Los escritos representaban el único testimonio honesto de su capacidad de amar y prodigar dentro de la vida superficial y egoísta que había llevado hasta los niveles más deprimentes; eran un hilván de realidad que lo ataba a su finiquitada relación amorosa. Quemarlos equivalía a volver también cenizas dos años de su vida; destruir lo que evitó que terminara como el Martín Santomé de Mario Benedetti: como un oficinista ocioso y oscuro en alguna dependencia.
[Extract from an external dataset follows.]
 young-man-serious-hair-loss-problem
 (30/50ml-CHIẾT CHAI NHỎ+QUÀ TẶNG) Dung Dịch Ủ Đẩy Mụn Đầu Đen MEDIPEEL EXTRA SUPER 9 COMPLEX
Pero la de Dante hubiera sido cualquier oficina de administración de la cultura, como último recurso para ver publicado su Oxidente, libro de narrativa breve; ya fuera por compadrazgo, conecte, o de plano entrega de nalgas al hostigador frecuente y declarado que era jefe-expoeta del Departamento de Publicaciones. “La verdad, yo sí se las daría por Oxidente”, especuló con cinismo. “A ella siempre le pareció un desperdicio no publicarlo”, se justificó, apretando fuerte, muy fuerte, el culo.

Creyó aspirar el olor del cabello de la musa peninsular, en medio de esa íntima reflexión homosexual; de ella, que no se explicaba aún cómo un hombre de su complexión podía dedicarse a labores tan delicadas y etéreas...
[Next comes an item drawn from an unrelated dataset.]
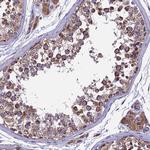 RNF17 Antibody in Immunohistochemistry (Paraffin) (IHC (P))
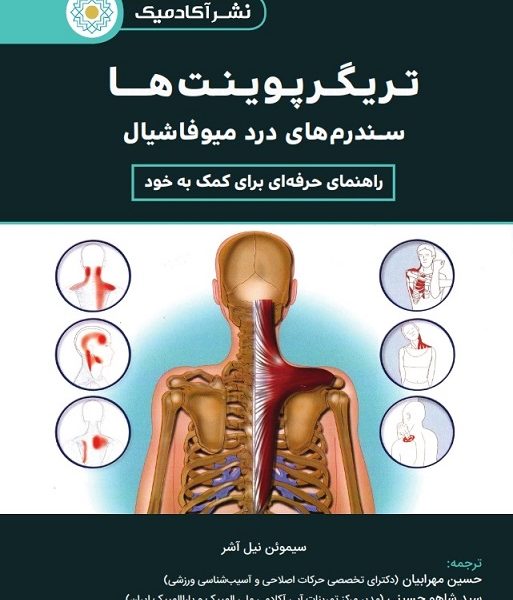 تریگرپوینت ها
Pero junto con la decisión de echar al fuego los escritos se fue también al inodoro el recuerdo de Beatriz, que finalmente le pareció una pinche puta advenediza de las letras y autora publicada más célebre por la balanceada y besable redondez de su trasero que La “o” por lo redondo, edición ganada con el sudor de la ingle.

Una Beatriz sublime del Dante, poeta descontinuado y viejo narrador en interinato, deseoso a morir de extirparse el anacrónico lenguaje ondero, a pesar de reciclar en su vida diaria las patanerías rocanroleras heredadas generalmente de los exchavos de La Onda que lo educaron y sus camaradas sesentayocheros; resquicios de una pasada juventud a la que se le mutiló la rebeldía a bayonetazos un miércoles 2 de octubre en Tlatelolco.